Task details
Return every line of the data below exactly, but do not include the images.

^^^^

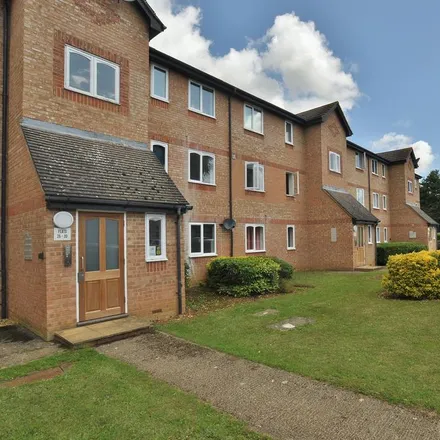 Rent this 1 bed apartment on 40 - 45 Wedgewood Road in Hitchin, SG4 0EX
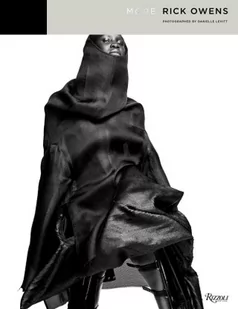 More Rick Owens - Pozostałe książki - miniaturka - grafika 1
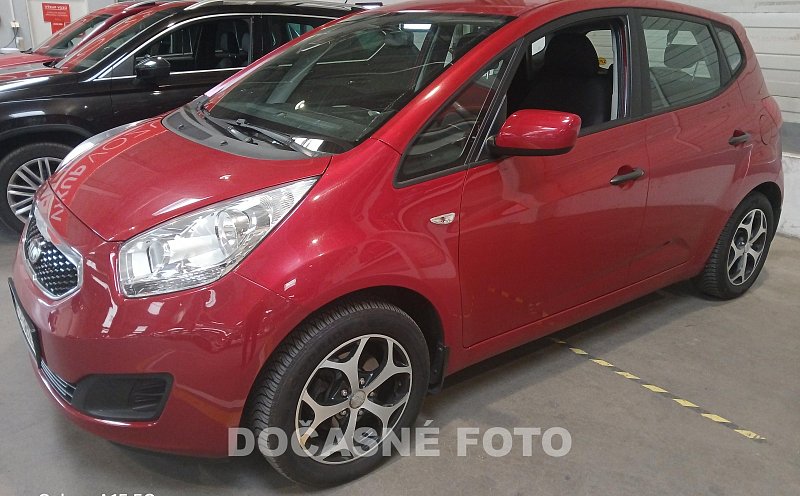 Kia Venga 1.4 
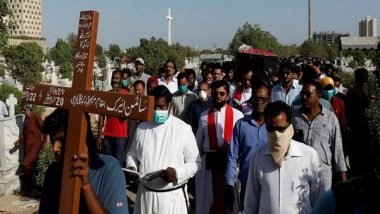 World News | Pakistan: Christian Youth Killed in North Waziristan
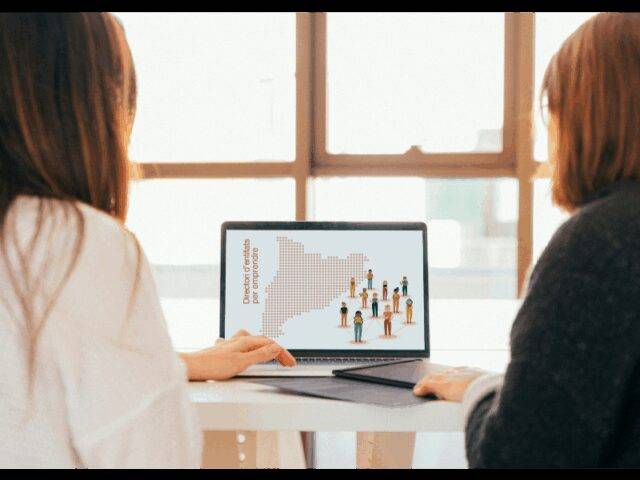 Set milions d’euros, a programes de foment de l’emprenedoria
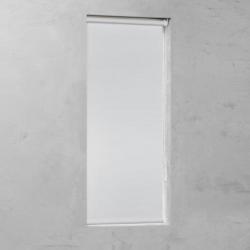 Rolgordijn Verduisterend - Bright white - 220x190 cm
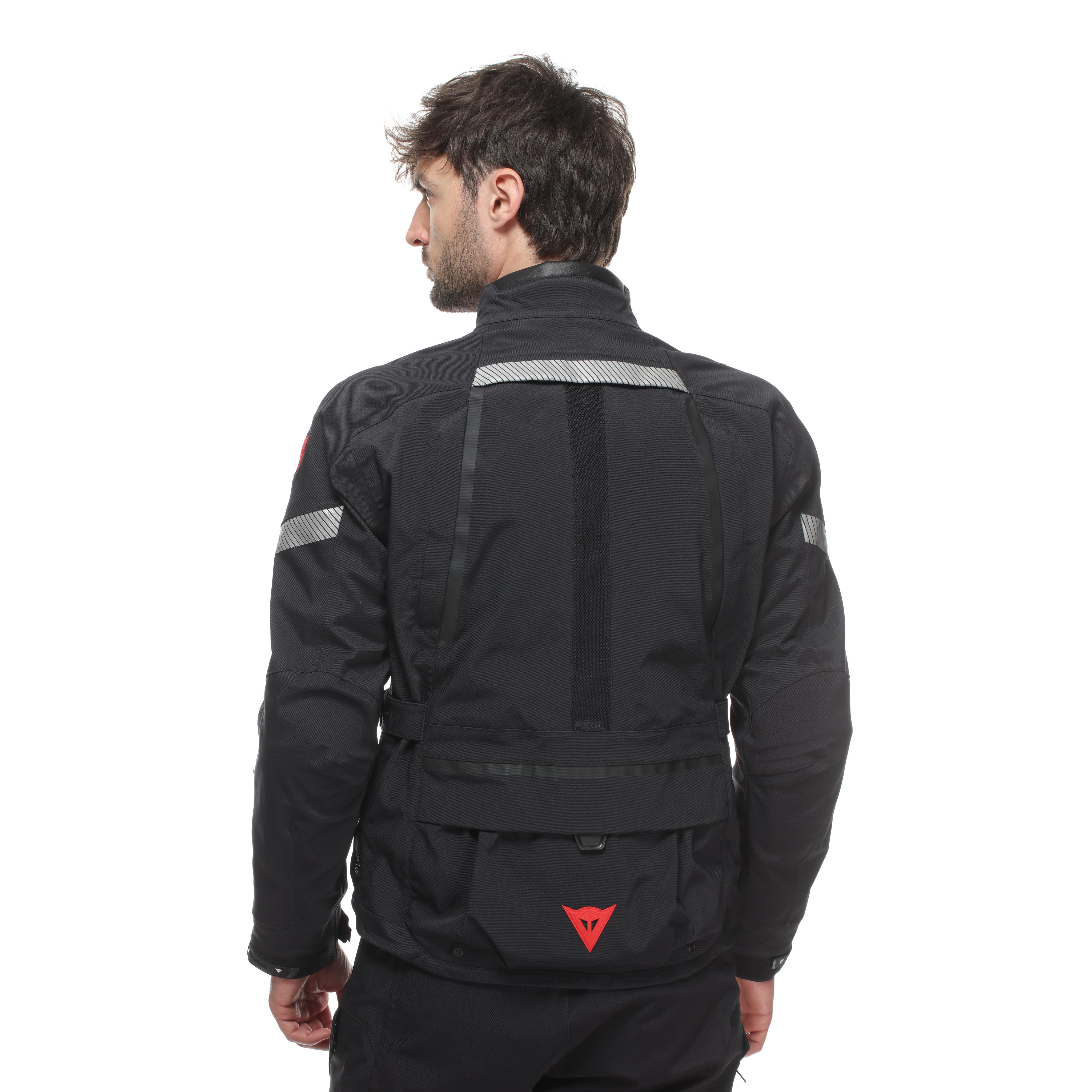MANGEN ABS&Oslash;LUTESHELL PRO JACKET S/T - BLACK/BLACK - 6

^^^^

Answer to the problem
 Rent this 1 bed apartment on 40 - 45 Wedgewood Road in Hitchin, SG4 0EX
 More Rick Owens - Pozostałe książki - miniaturka - grafika 1
 Kia Venga 1.4 
 World News | Pakistan: Christian Youth Killed in North Waziristan
 Set milions d’euros, a programes de foment de l’emprenedoria
 Rolgordijn Verduisterend - Bright white - 220x190 cm
MANGEN ABS&Oslash;LUTESHELL PRO JACKET S/T - BLACK/BLACK - 6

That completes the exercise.